The following simple equation takes in an N-length (real) vector, and spits out a (real) number between 0 and 1. (I believe this means that it is a transformation mapping $\mathfrak{R}^N \rightarrow \mathfrak{R}^1$). This equation has the property that the answer will converge to 1, as the input elements become more and more alike.
Anyway, here is the equation. $\bf x$ is the N-dimensional input vector. $y$ is the 1-dimensional scalar output. $e$ is just the exponent operator.
$ y = \frac{e^{\frac{1}{N}\displaystyle\sum_{n=1}^N \log_e(x[n])}}{\frac{1}{N}\displaystyle\sum_{n=0}^N x[n]} $
(Notice how the denominator is just the mean of $\bf x$). This function will return $y=1$ if all the elements of the vector $x$ are equal to each other.

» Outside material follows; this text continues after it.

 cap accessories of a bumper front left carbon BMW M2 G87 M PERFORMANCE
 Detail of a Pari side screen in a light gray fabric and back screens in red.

I am trying to do two things:
1) First, I would like to 'translate' the English statement "Show that this equation converges to 1, as all the elements in the vector $\bf x$ become more and more alike", into a mathematical statement. (Italics stressing what I want translated). For example, in English we might say "As the variable $c$ approaches infinity, etc, and we use the $\displaystyle\lim_{c \to +\infty}$ to mathematically denote that.
2) After that, I would like to show (prove), that the above equation actually does converge to 1, as the elements of the above equation $x$ become more and more similar. (I know that it does indeed converge to 1, but would like to prove it).